We saw a large variety of bird species such as the pied kingfisher, greenshank, and bulbul. The colours and features of the birds were unlike anything in the UK and it was great to watch them in their natural habitat!
As it was coming up to lunchtime we headed towards the beach where we got to meet some local women who made us delicious fruit plates and we helped haul in their fishing nets.
We saw the catch which consisted of a pufferfish and a crab. Unfortunately, it was a very small catch for the efforts of 20 men, but the fishermen mentioned that their catches often varied in size and sometimes they caught nothing, yet they remained thankful for what they got.
Katchikally Crocodile Pool
After chatting to the locals we headed to the Kachikally Crocodile Pool, home to the West African crocodile, a recently discovered separate species from the Nile crocodile.

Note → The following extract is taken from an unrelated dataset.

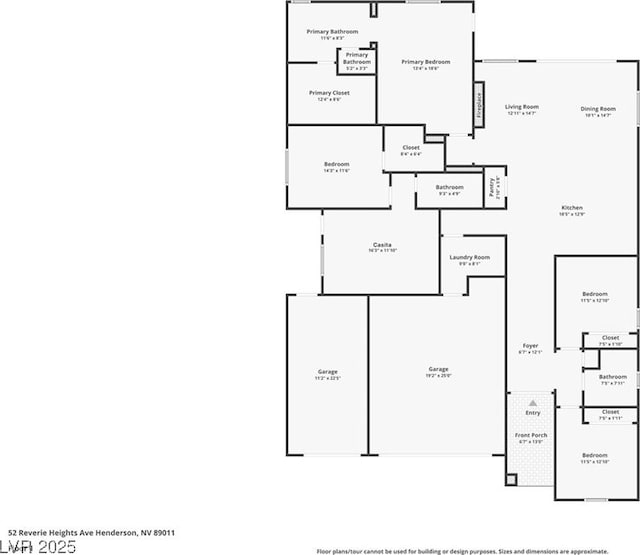 52 Reverie Heights Ave, Henderson, NV 89011 - photo 61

On the way in we were excited to spot some endangered red colobus monkeys, as well as the more common green monkey. Kachikally is a sacred site believed to increase female fertility if women bathe in the crocodile-infested waters... We were so lucky to get such close encounters!
These crocodiles live in very close proximity to the village and are free to come and go as they please, and do so in the village drains! Thankfully, the pool guards feed the crocs regularly to keep them relaxed and prevent their need to hunt.
While we were at the croc pool we saw loads of interesting and beautiful birds including the giant kingfisher (the biggest kingfisher in the world), the blue-breasted kingfisher, and some stunning village weavers.
At the end of an incredible day, we headed to the strip to get a taste of the local cuisine and enjoy the lively music scene. There was a private event with incredibly talented local drummers, energetic dancing and the best atmosphere!
Today we went to the beach just across the road from the hotel. The long stretch of beach is fairly empty with a nature reserve boarding it. On our way to the beach we saw green monkeys swinging in the palm trees above us. You can also see the remains of pufferfish, jellyfish and turtles that have washed up. Some of us cooled down in the water while the local boys played with us.
We got back to the hotel and had a quick lunch then went out to two unserveyed community forests. Here we set up camera traps to see what wildlife lives in the forests as they haven't been researched before, hopefully finding some rare and indicator species.
We were very keen on seeing genets, a small carnivore similar to a cat. While we walked through the forests, we saw massive termite mounds and heard all different birds.
PWG has been asked to help advise on the management of the two forests to create ecotourism reserves, increasing the quality of the forest and the number of species present as well as providing an income to the poor nearby villages.
Once we'd finished setting them up it was getting late so we headed back to the hotel. On the way back we managed to see several bush babies and a genet using eyeshine surveys from the cars!
A few days later we checked the camera trap videos which captured civets, adult and even baby genets, African goshawk, greenmonkeys, huge Gambian jumping rats (as big as a cat and famously used for landmine detection)!
On day 3 in The Gambia, we went to Pirang-Bonto forest to set up hair and camera traps with members of the Forest Committee; in the hopes of recording data on the elusive genets.
After meeting our guides, Mariama and Kawsu, we headed into the forest and began by filling the water hole from the nearby well previously installed by PWG. Then, we started preparing hair traps by lining large pvc tubes with double sided tape and baiting them with peanut butter, meat and fish to attract forest mammals.
We also set up camera traps near the tubes to record images and videos of any animals that passed through.
While we were there we saw many interesting species including the Verreaux's eagle owl and a family of baboons, with two babies.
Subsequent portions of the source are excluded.